Ziulkoski - A parte mais complexa, a mais grave de todas, é na área da previdência, do Regime Geral de Previdência Social (RGPS). Veja bem, no INSS (Instituto Nacional do Seguro Social), 4,2 mil municípios no Brasil devem R$ 250 bilhões. Os do Rio Grande do Sul devem R$ 2,5 bilhões. Agora, por outro lado, os precatórios são quase R$ 100 bilhões, e são 220 ou 230 municípios do Rio Grande do Sul que têm precatórios para pagar. Então nós estamos flexibilizando, através de uma proposta, para parcelar a dívida do Regime Geral e ver a questão dos precatórios. Tudo já está andando, inclusive entrou em votação essa semana, que versa R$ 400 bilhões, isso não é coisinha. No Brasil, são 2,1 municípios que têm o chamado RPPS, e os outros 3,5 mil estão no Regime Geral. E qual é a dívida dos fundos próprios? É uma dívida interna da prefeitura. A proposta da CNM é que essa dívida seja rolada também por 3 anos para os municípios, para a prefeitura pagar aquele passivo. Ela vai pagar, mas em um prazo para fazer enfrentamento (à crise no RS). Porque isso é que está liquidando com as prefeituras do Rio Grande do Sul. E da onde que o prefeito que tem esse passivo no município tira dinheiro para pagar aquilo? Ele tira da chamada receita disponível, e não da vinculada. Então a prefeitura, a gestão pública, tem uma receita que é livre, que eu posso botar no orçamento e executar, e tem outra que é vinculada, para saúde, educação, Bolsa Família. Então o que estamos propondo agora? É que o ministro da Previdência (Carlos Lupi) aceite fazer esse diferimento. Só que isso não precisa ser por lei federal, nós estamos mostrando tecnicamente que pode ser uma portaria. Isso, se avançar, vai dar, em três anos, R$ 7,5 bilhões para as prefeituras do RS.

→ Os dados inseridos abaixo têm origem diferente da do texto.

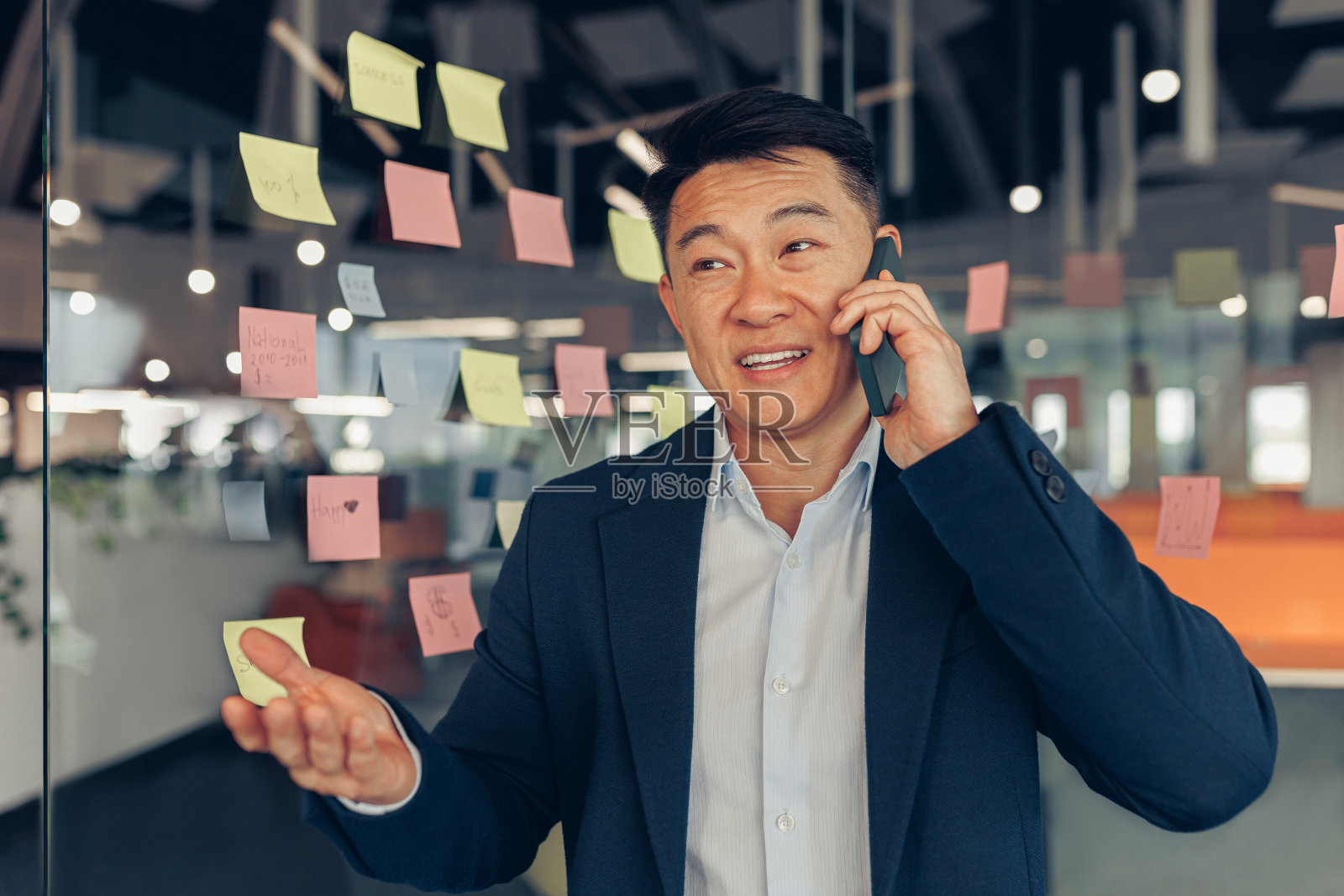 忙碌的亚洲商人西装革履，站在现代办公环境中打电话照片摄影图片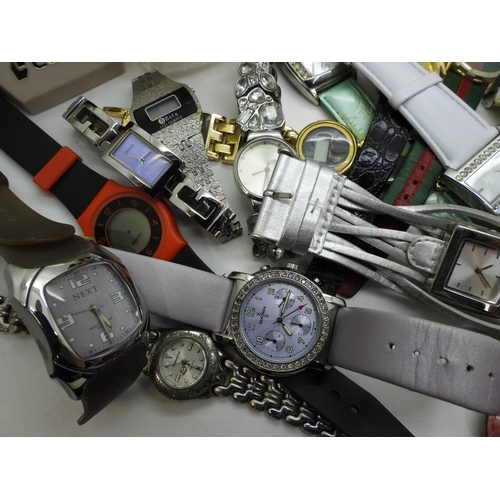 845 - A large collection of ladies fashion watches, to include, a mother of pearl dial Skagen watch, a Lor... 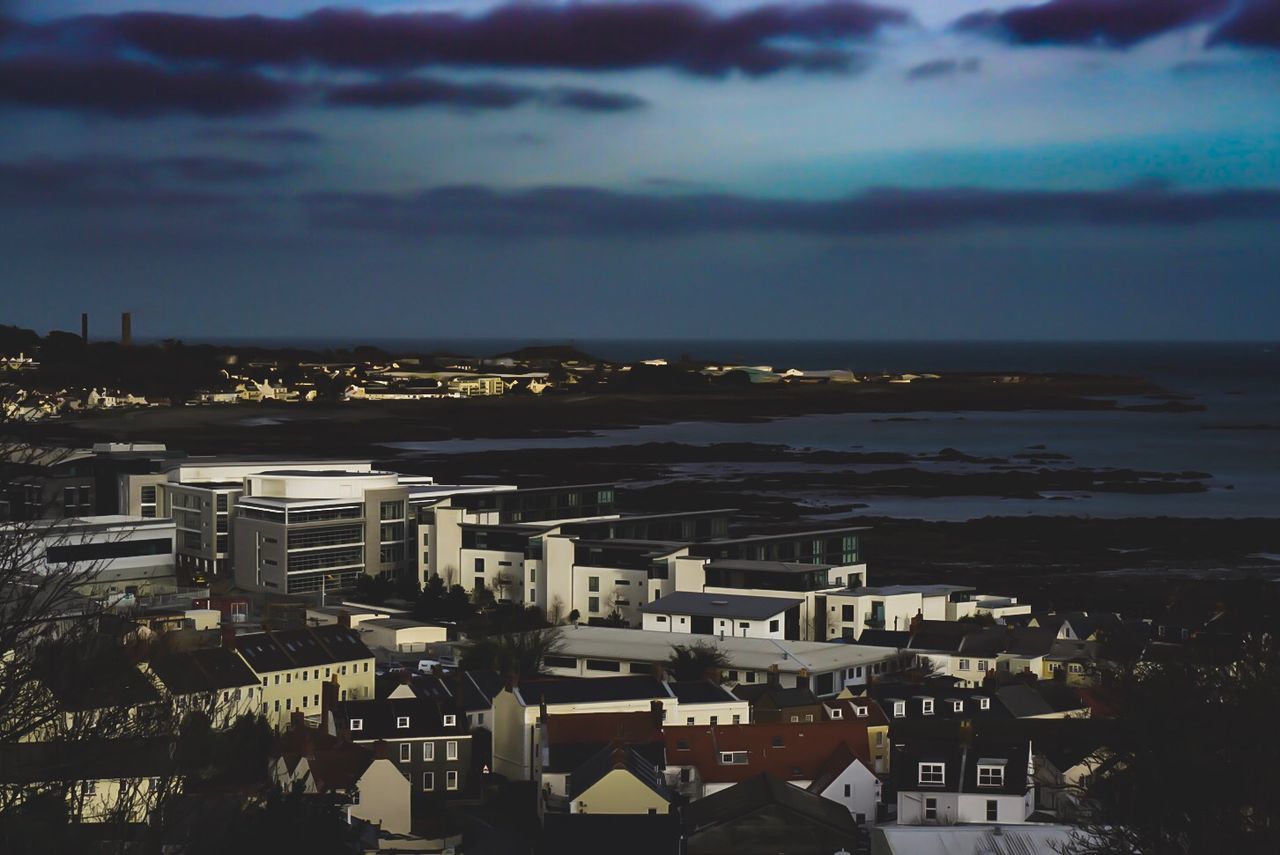 AERIAL VIEW OF CITY AND SEA AGAINST SKY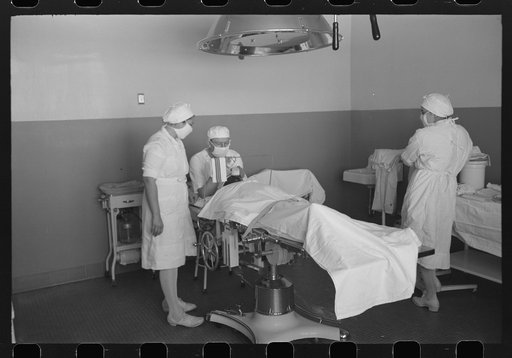 Giving the anesthetic for operation at the Cairns General Hospital at the FSA (Farm Security Administration) farmworkers community, Eleven Mile Corner, Arizona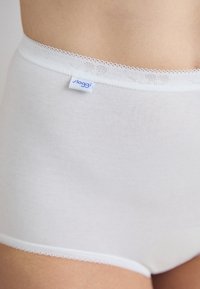 White cotton briefs with a smooth texture, lace trim at the waistband, and a small blue label displaying the brand name.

JC - Na marcha, a CNM realizou encontros com os ministros da Saúde e do Desenvolvimento Social. O que foi pautado?
Ziulkoski - Para a Nísia Trindade (ministra da Saúde), a CNM mostrou alguns pontos, como quantos problemas de saúde tem o Rio Grande do Sul, quanto é que paga por cada um, quantos que não estão sendo pagos e que estão habilitados. Então, pedimos para liberar esse valor. Isso a gente levou com dados oficiais da entidade. Depois, com a Assistência Social, com o ministro Wellington Dias, a gente entregou também (os dados). Por exemplo, para receber tal coisa, precisa ter um grupo de 50 pessoas. Mas como é que vai ter 50 se, às vezes, foi num município menor, mas que foi atingido? Então o pedido é flexibilizar, baixar para 5, 10 pessoas, para poderem receber. Senão, como é que agrupa aquilo ali?
JC - Havia reunião com o ministro de Portos e Aeroportos, Silvio Costa, que acabou não ocorrendo. O que pretendiam pautar?
Ziulkoski - Era para esclarecer melhor qual política estão pensando em adotar, principalmente em aeroportos regionais, porque muitos eles não comandam, são privatizados, e outros são estatais. Então era para ver o que eles poderiam fazer, o que poderiam anunciar, e o que os prefeitos poderiam fazer. Por exemplo, no município Torres, pode ser ampliado o aeroporto, mas não tem dinheiro do Estado, então como é que poderia se buscar recurso. Enfim, não é para cobrar, é para ter uma ideia do que está acontecendo. Mas a partir do ministro Silvio Costa mesmo, e não do Paulo Pimenta (ministro da Reconstrução do RS).
JC - E quanto ao encontro com o presidente da Câmara, Arthur Lira (PP), quais foram as demandas?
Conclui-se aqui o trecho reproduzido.